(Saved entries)
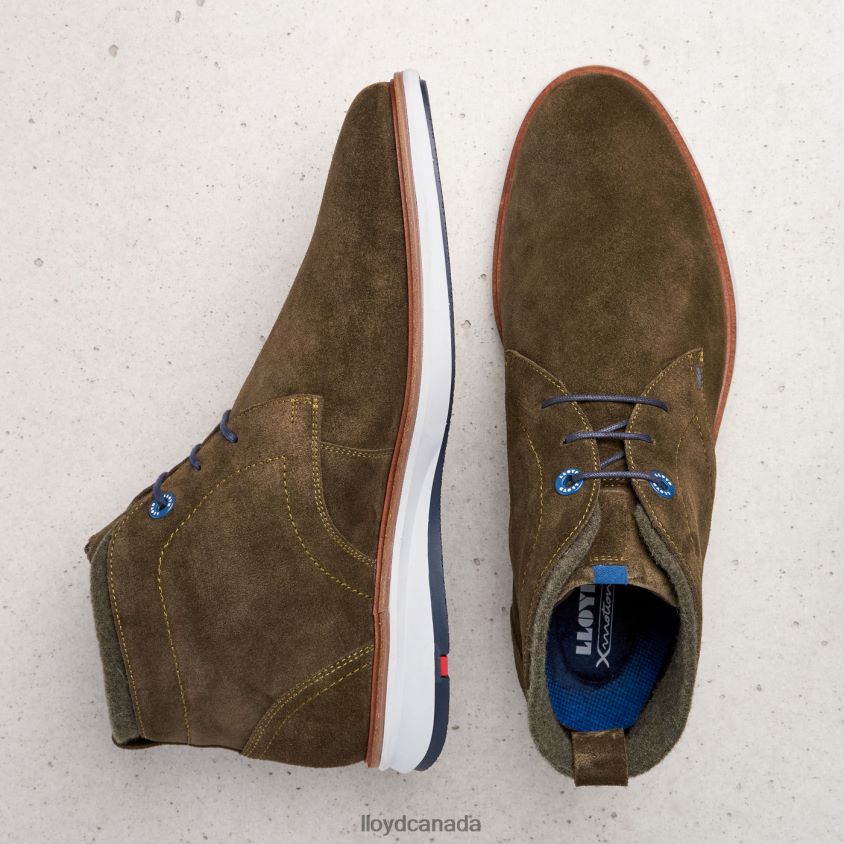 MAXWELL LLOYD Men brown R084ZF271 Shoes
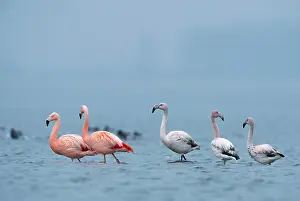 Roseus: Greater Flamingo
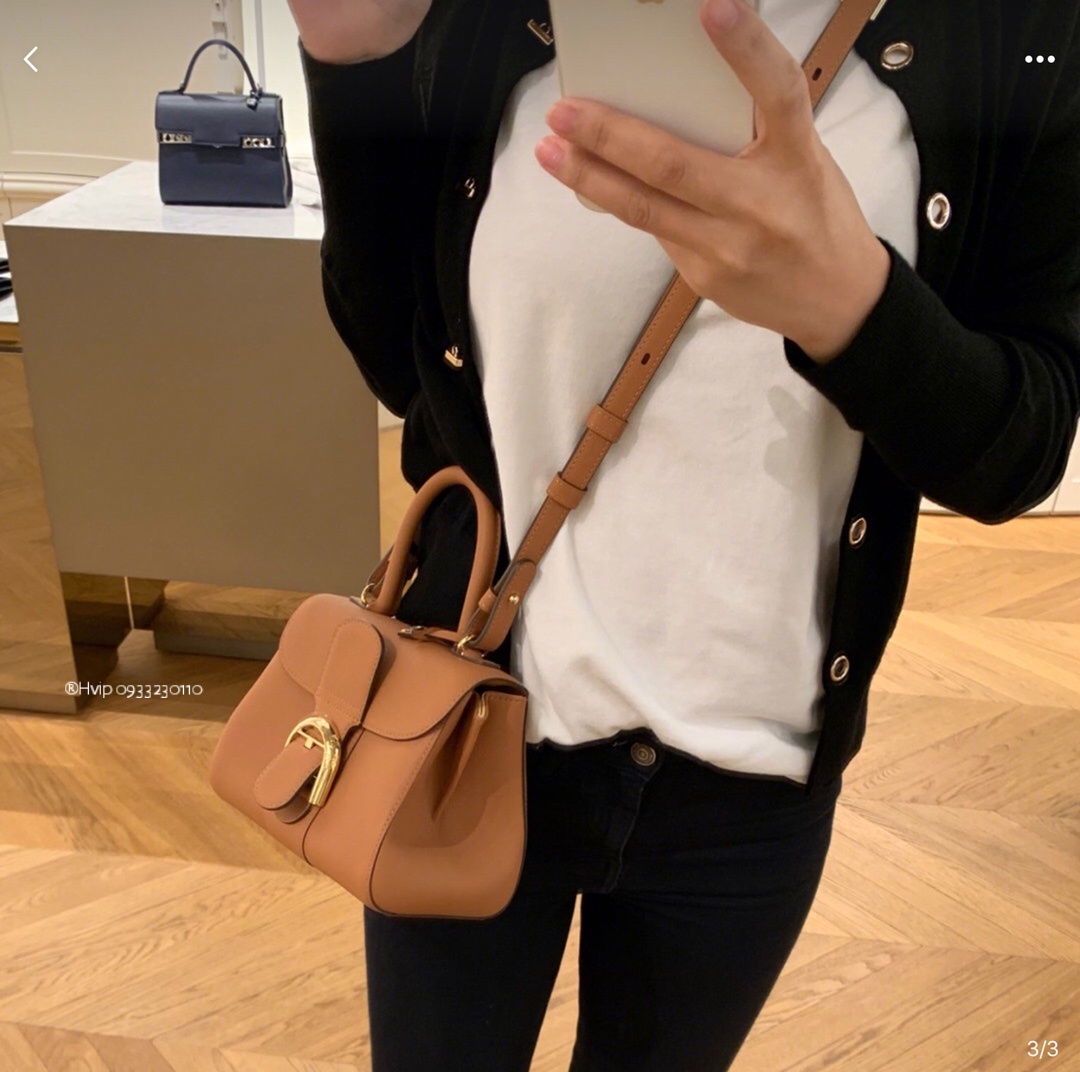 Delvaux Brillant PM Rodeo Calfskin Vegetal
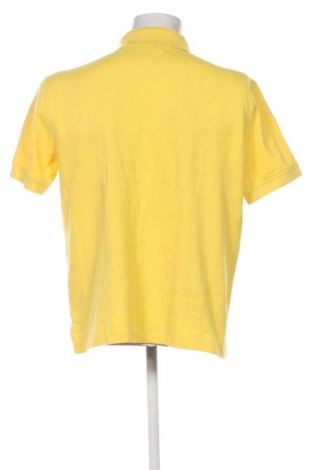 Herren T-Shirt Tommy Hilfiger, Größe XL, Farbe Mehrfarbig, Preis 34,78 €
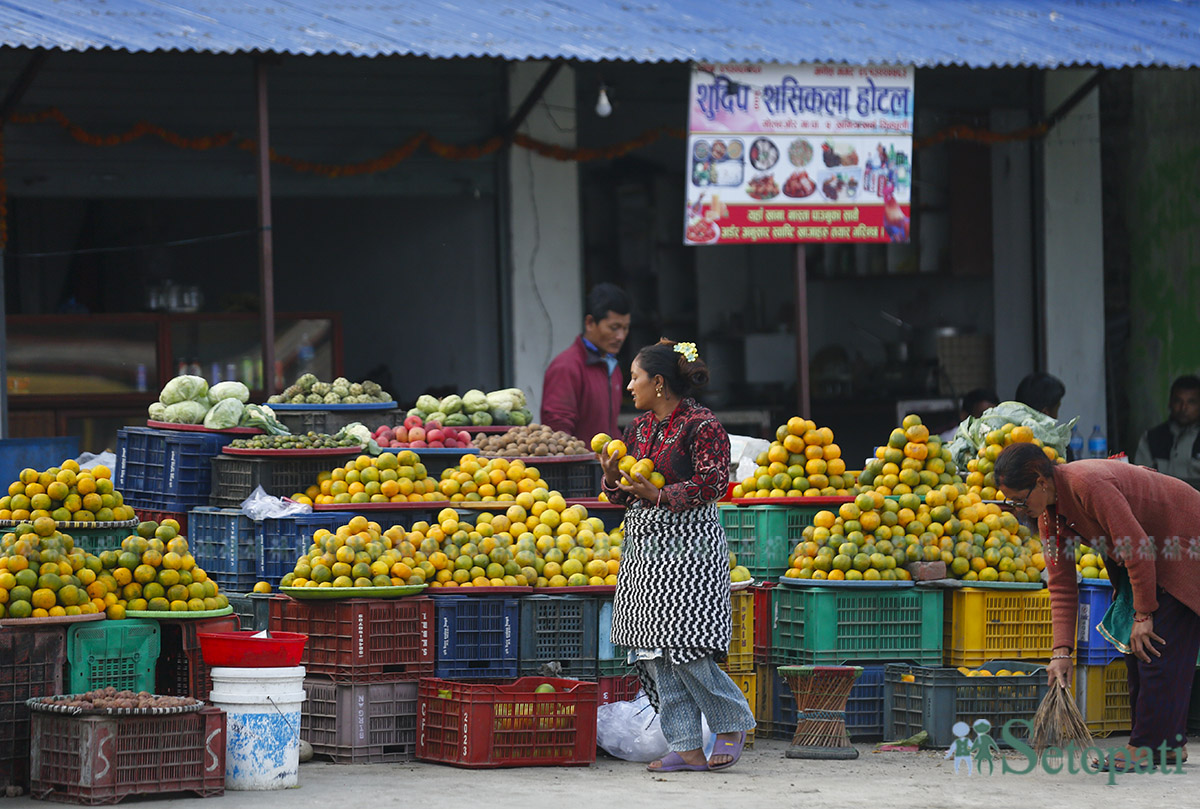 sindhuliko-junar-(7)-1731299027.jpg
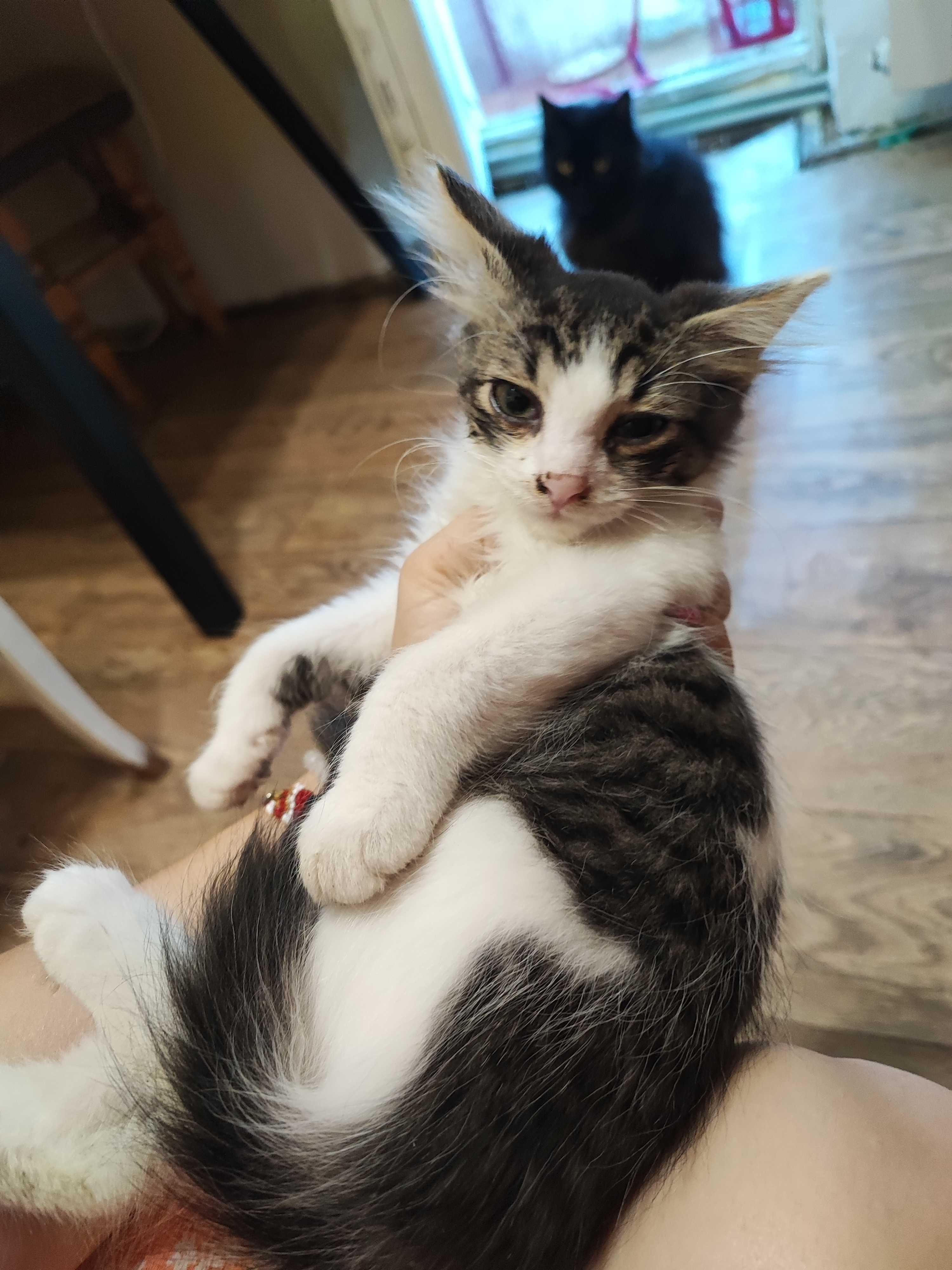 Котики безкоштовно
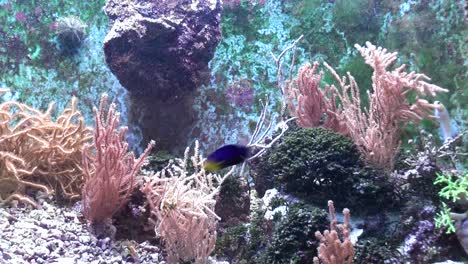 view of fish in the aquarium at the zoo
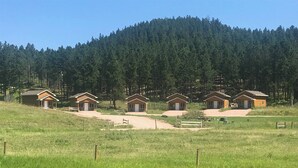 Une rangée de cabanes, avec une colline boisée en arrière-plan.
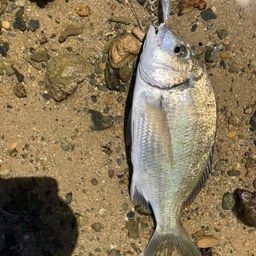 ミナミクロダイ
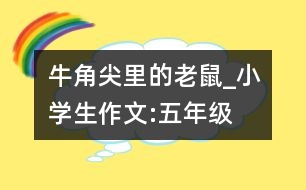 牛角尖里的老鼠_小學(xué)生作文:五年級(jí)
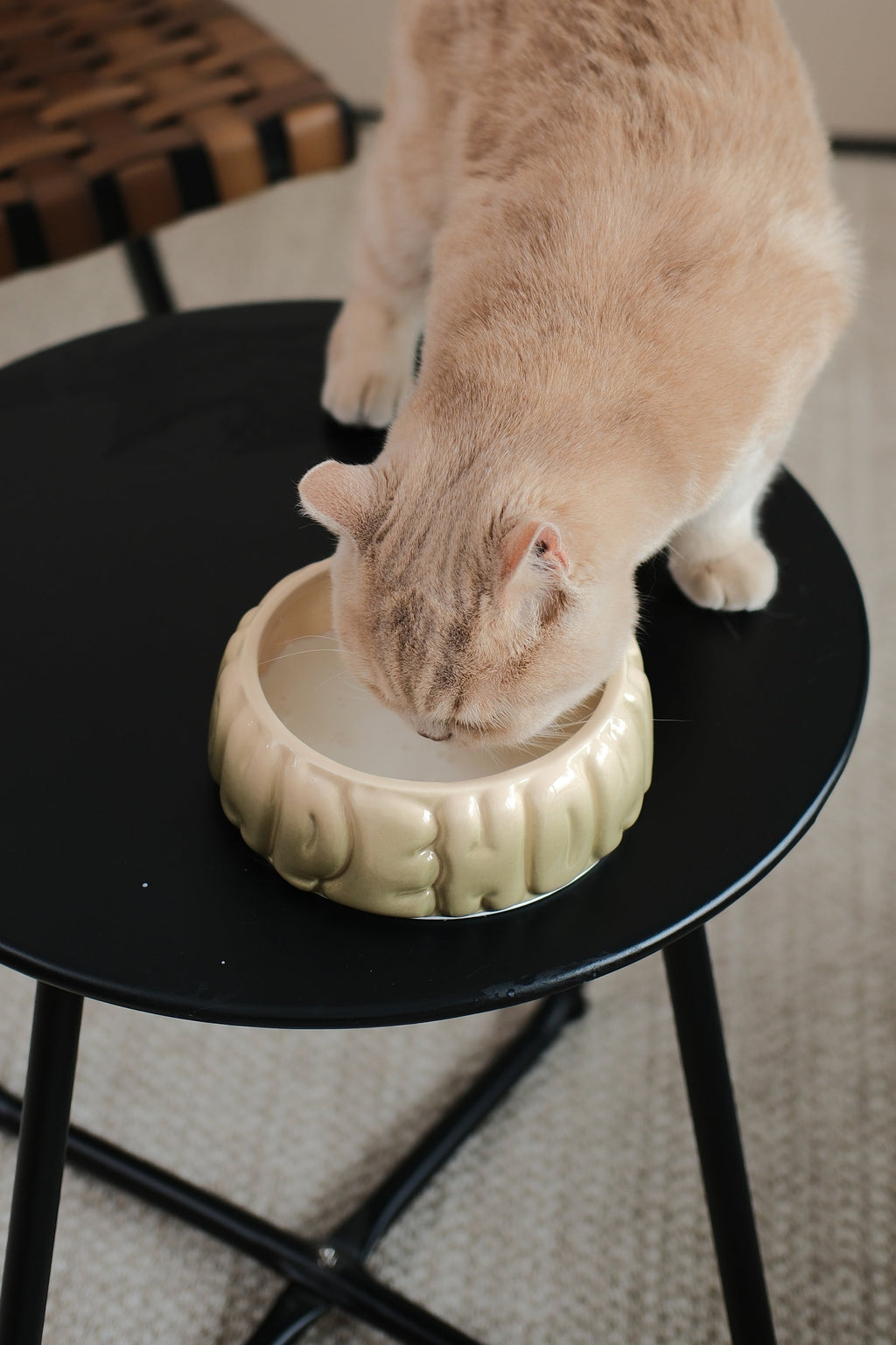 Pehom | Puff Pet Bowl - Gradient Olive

* _EXERCISE_: Every record above should be set down exactly, with the pictures left out.

* _YOUR RESPONSE_:
 MAXWELL LLOYD Men brown R084ZF271 Shoes
 Roseus: Greater Flamingo
 Delvaux Brillant PM Rodeo Calfskin Vegetal
 Herren T-Shirt Tommy Hilfiger, Größe XL, Farbe Mehrfarbig, Preis 34,78 €
 sindhuliko-junar-(7)-1731299027.jpg
 Котики безкоштовно
 view of fish in the aquarium at the zoo
 Une rangée de cabanes, avec une colline boisée en arrière-plan.
 ミナミクロダイ
 牛角尖里的老鼠_小學(xué)生作文:五年級(jí)
 Pehom | Puff Pet Bowl - Gradient Olive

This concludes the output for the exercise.